Saturday, October 6, 2012

Debatable

Many people have declared Mitt Romney the clear winner of Wednesday's debate, and many progressives were disappointed at Barack Obama for not having attacked Romney on any topic - be it the ''47%'' debacle, his constant flip-flopping and outright lies, the rampant mischievousness of the Republican camp in general, health care, the economy and economics and general, as well as numbers in general. The New Yorker even released its next cover, referring back to the Republican Convention and Clint Eastwood's speech:


My take is simple: there was a reason why the Obama camp repeated all week that Romney was such a ''master debater'', and it is because they let him win. Obama had no reason whatsoever to answer to everything Romney put forth, and not just because more than half of it was lies.

Obama's lead was more than 5 points, and in some polls, close to the 10-point mark, at 55% versus 45%. A difference of merely 5 more - half the undecided voters left - would make it a 20-point margin (+5 on one side and -5 on the other makes a 10-point difference, simple math).

At 20 points, the risk for Obama's supporters to want to stay home thinking ''he's got this'' and of Romney's supporters going all-out to ''make every vote count'', resulting in an improbable Democrat defeat was too great, and with the PBS crowd (where this debate took place) already being set on voting for the Democrats and, thus, not likely to switch either way with the result, Obama just read his notes, said what he had to say as he would in any press conference, and didn't bother with Romney at all.
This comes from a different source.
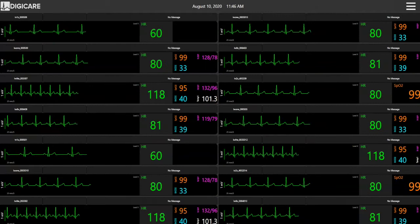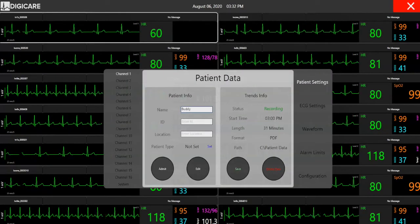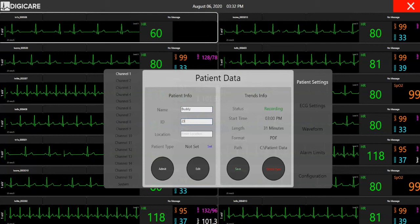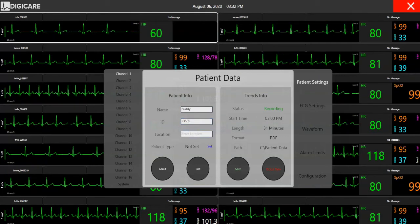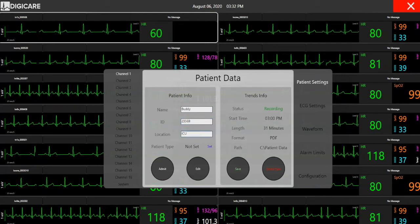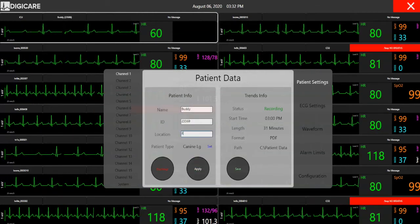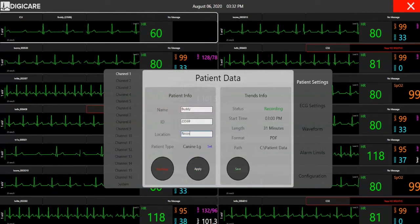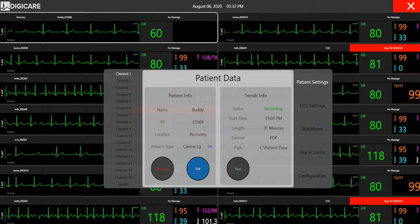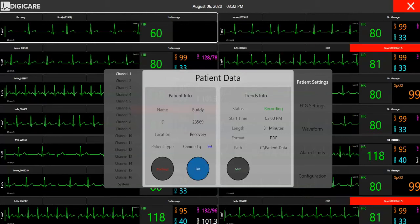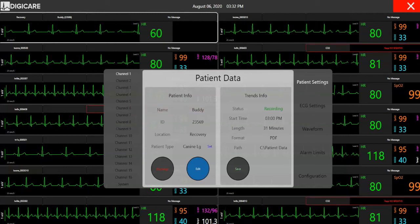Patients can be easily admitted and discharged through the Patient Settings screen. Patient type can be selected so the correct algorithms are utilized. Edits can be easily done for a patient by hitting the Edit button and making the changes needed. The Patient Settings screen also shows the trends information, including the status of the monitors.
Had he been a batter in a baseball game, he would have walked three times, not even swinging at strikes, giving him an impressive 1.000 on-base percentage, but a boring 0-for-0 at bat, and a .000 batting average.

When the debates turn to CNN and Fox News, you'll see him as he usually is: strong, decisive, adept, alert, funny, and perhaps even sarcastic.

Proof of that exists not just in every speech Obama's ever given and every debate he's ever participated in, but also in an address he gave yesterday in Denver, the same city that hosted the debate:



Let him be. He knows what he's doing. We are, after all, talking about the best American orator not named Bill Clinton or Samuel L. Jackson.